# LGB 2076/the Roger T./BPS & DRR



## Andrea (Oct 26, 2013)

Hi!

I have the above engine and it needs new pick up shoes and I am unable to find the right part number to use. I've tried the LGB Manual but does not list part numbers. Can anyone advise?


----------



## Big Ed (Jun 16, 2009)

Andrea said:


> Hi!
> 
> I have the above engine and it needs new pick up shoes and I am unable to find the right part number to use. I've tried the LGB Manual but does not list part numbers.
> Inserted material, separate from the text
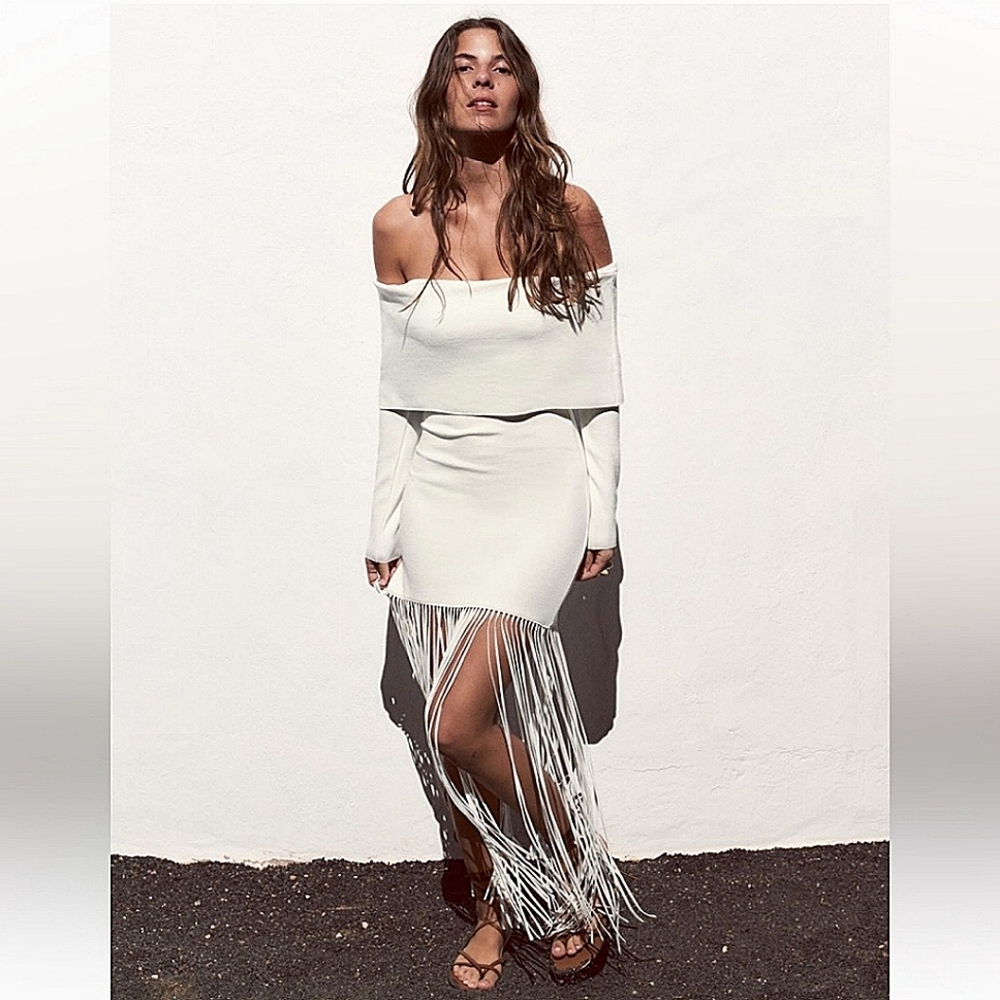 ZARA WHITE/ECRU KNIT OFF-SHOULDER DRESS WITH FRINGES ON HEM ✨️SIZE S✨️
Can anyone advise?


Would this be your train?

http://www.lgbworld.com/service_manuals/20761-1.PDF

Is that the part #49? On the diagram?

I got that from a sticky thread in the G forum.
The original creator of this site listed all those, he could probably tell you.
But it looks like he has either sold the site or just stopped coming here.
It is a big secret.

I can't find a parts list for the numbers, i wonder if that is a part number?
I never had any G layouts, just trying to help you if I can.


----------



## Big Ed (Jun 16, 2009)

Or is it this one part number 45?

http://www.lgbworld.com/service_manuals/2076D-1.PDF


----------



## Don T (Dec 25, 2014)

In my latest book which is 1996 it shows it as 65853 Smoke Stack Insert 5V for the 2076.

Don


----------



## Don T (Dec 25, 2014)

Sorry wrong thread

Don


----------



## Big Ed (Jun 16, 2009)

Don T said:


> Sorry wrong thread
> 
> Don


This thread was a hit & run anyway.:goofball:
Came back 2 days later, said not a thing, and has not been back since.

I guess part #49 was correct.:smokin:


----------